Franscesca Cabrini (1850-1917) dreamed when she was young of working as a missionary in China. In fact, her calling would take her not to the East but to America.
She was born near Pavia, the 10th of 11 children of an Italian farmer and his wife. The family was not poor; it was, however, singularly unfortunate.
Seven of Francesca’s brothers and sisters died in childhood, and another was brain-damaged. Francesca herself was physically frail, and under 5ft tall; her determination and spirit, by contrast, were boundless.
Having qualified as a primary teacher, she began work at a school in Vidardo. The secular inspector of schools had forbidden the teaching of Christian doctrine. Francesca, though, soon persuaded the mayor to lift this ban.
Eager to take the veil, she applied to two convents; neither, though, would admit a woman in such doubtful health. Her parish priest, by contrast, did not hesitate to recommend her as the director of an orphanage.
The venture proved insufficiently funded to succeed, and Francesca now explored the possibility of founding a house devoted to foreign missions, especially in China.
At first she came up against a seemingly implacable prejudice that women should not run missions abroad. She was, however, allowed to join with seven others to create the Missionary Sisters of the Sacred Heart.
The aim was to combine the rescue of the poor with regular periods of prayer, meditation and silence. Otherwise there were no prescribed austerities: Sister Francesca believed that a proper discharge of the Christian duty to the unfortunate would be quite testing enough.
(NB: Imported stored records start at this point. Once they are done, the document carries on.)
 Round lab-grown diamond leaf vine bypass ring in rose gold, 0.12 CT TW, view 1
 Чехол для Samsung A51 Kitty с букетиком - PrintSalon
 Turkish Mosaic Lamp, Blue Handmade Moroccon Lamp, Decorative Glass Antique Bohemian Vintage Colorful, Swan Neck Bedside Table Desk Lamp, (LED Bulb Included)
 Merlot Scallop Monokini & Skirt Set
Under her guidance the Missionary Sisters were soon doing outstanding work, and by 1867 they had houses in both Milan and Rome. As it happened, though, this was just the period when Italian emigration to America was beginning to take off.
Soon not merely New York, but also other towns such as Boston, Philadelphia, Baltimore, Chicago and Detroit had a considerable Italian population. Many of these immigrants, uneducated countrymen, found life desperately hard in American cities.
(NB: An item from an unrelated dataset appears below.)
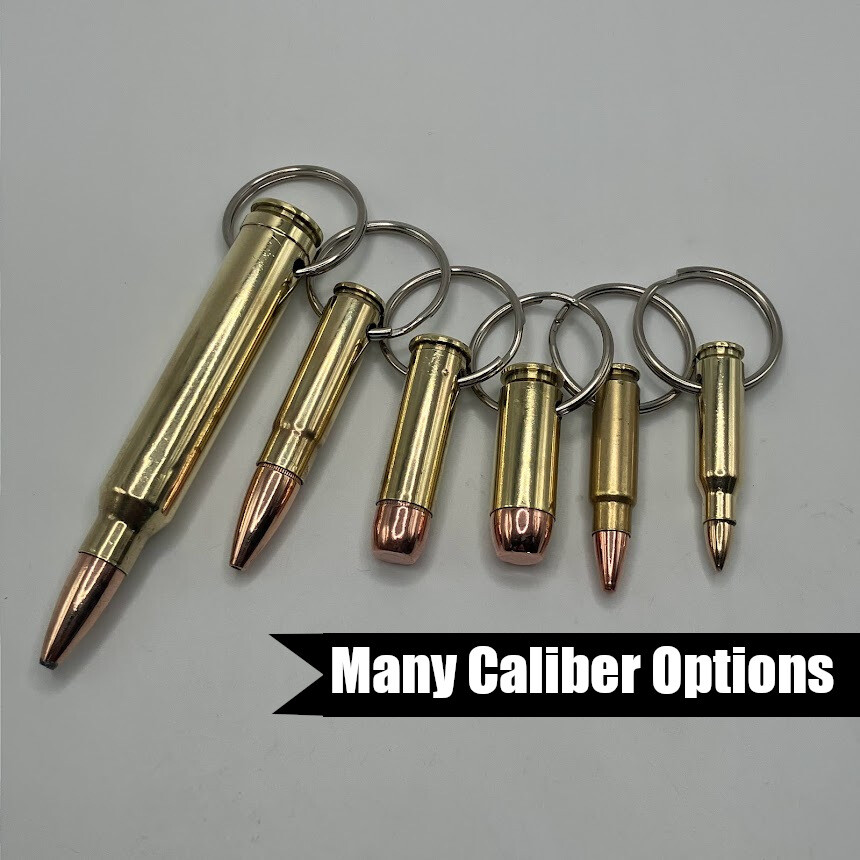 Bullet Keychain – MANY CALIBER OPTIONS – Made from real bullets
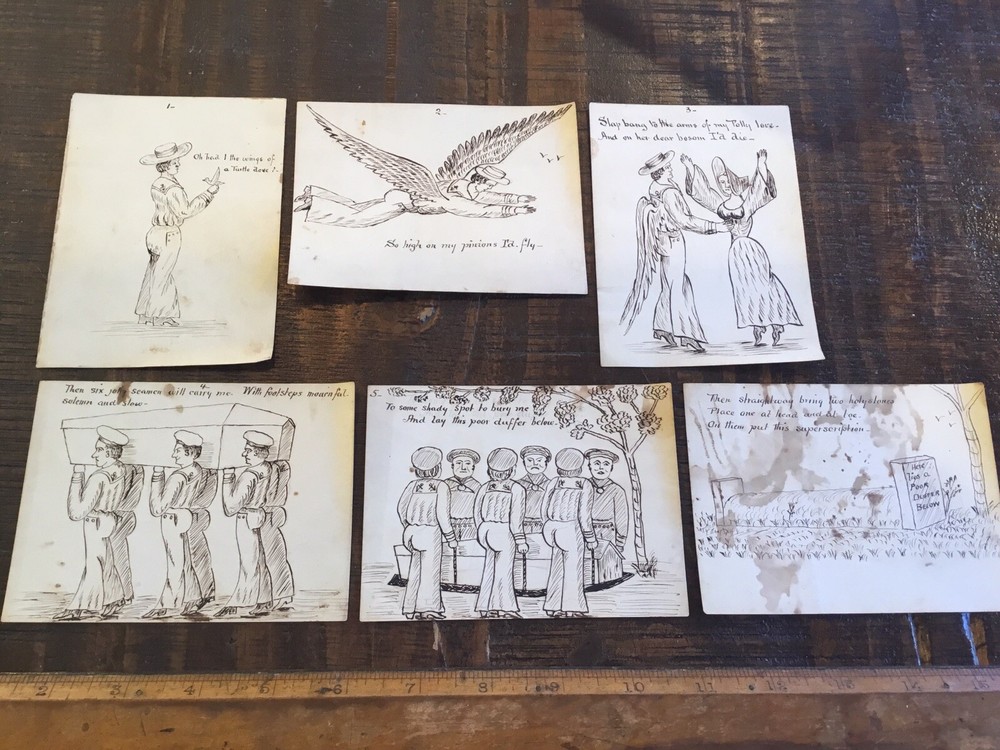 ORIGINAL CIVIL WAR SAILOR HUMOROUS ARTWORK SET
By the 1880s the Archbishop of New York was calling for “good Italian priests” to provide religious support. So when, in 1887, Mother Cabrini had an audience with Pope Leo XIII, the Holy Father directed her attention across the Atlantic.
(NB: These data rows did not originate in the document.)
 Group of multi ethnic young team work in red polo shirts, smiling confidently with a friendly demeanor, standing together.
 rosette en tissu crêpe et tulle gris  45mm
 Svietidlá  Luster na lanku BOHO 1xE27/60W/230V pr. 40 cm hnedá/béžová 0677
Arriving in New York in 1889, Francesca proved herself a tireless worker and a shrewd businesswoman. After performing outstanding rescue work in the slums of New York, she extended the Missionary Sisters’ parish to New Orleans and Chicago, even to Valpairaiso, Buenos Aires and Rio de Janeiro in South America.
By the time of Mother Cabrina’s death in 1917 the Missionary Sisters numbered over 1,500 nuns. Having changed citizenship in 1909, in 1946 she became the first American to be canonised.